Safe Policy Search in Higher Dimensions

For my masters thesis, I collaborated with Prof. Dr. Andreas Krause in Learning and Adaptive Systems Group at ETHZ.

Parameters for robotics algorithms need to be tuned in order to maximize performance on the real system. Bayesian Optimization (BO) has been used to automate this process. However, in case of safety-critical systems, evaluation of unsafe parameters during the optimization process should be avoided. Recently, a safe BO algorithm, SAFEOPT, was proposed; it employs Gaussian Processes to only evaluate parameters that satisfy safety constraints with high probability.

Even so, it is known that BO does not scale to higher dimensions (d > 20). To overcome this limitation, I developed the SAFEOPT-HD algorithm that identifies relevant domain regions that efficiently trade-off performance and safety, and restricts BO search to this preprocessed domain.
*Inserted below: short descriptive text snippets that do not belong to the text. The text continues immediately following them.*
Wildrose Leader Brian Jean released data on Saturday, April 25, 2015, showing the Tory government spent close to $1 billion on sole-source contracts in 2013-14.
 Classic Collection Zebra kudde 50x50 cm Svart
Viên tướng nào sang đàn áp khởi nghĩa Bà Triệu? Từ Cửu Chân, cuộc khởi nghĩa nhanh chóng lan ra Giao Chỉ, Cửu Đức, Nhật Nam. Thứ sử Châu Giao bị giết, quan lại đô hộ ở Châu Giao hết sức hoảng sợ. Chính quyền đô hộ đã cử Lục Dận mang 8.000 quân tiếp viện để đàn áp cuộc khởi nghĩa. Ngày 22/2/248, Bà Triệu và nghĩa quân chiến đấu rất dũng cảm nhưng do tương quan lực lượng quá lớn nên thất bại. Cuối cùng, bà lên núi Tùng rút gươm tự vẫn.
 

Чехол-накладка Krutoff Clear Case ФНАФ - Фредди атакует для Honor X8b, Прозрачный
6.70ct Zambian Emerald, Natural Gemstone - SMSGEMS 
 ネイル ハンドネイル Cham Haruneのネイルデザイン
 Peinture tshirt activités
By employing cheap (and potentially inaccurate) simulation models, offline computations allow identifying domain subspaces that are likely to yield optimal policies, thus significantly reducing domain size. When combined with SAFEOPT, we obtain a safe BO algorithm applicable for problems with large input dimensions. To alleviate the issues due to sparsity of the non-uniform preprocessed domain, a method to systematically generate new controller parameters with desirable properties is implemented. The efficacy of SAFEOPT-HD is illustrated by optimizing a 48-dimensional control policy to execute full position control of a quadrotor, while guaranteeing safety.

The results from this work were presented at the 16^th Women in Machine Learning Workshop @ NeurIPS 2021 poster session.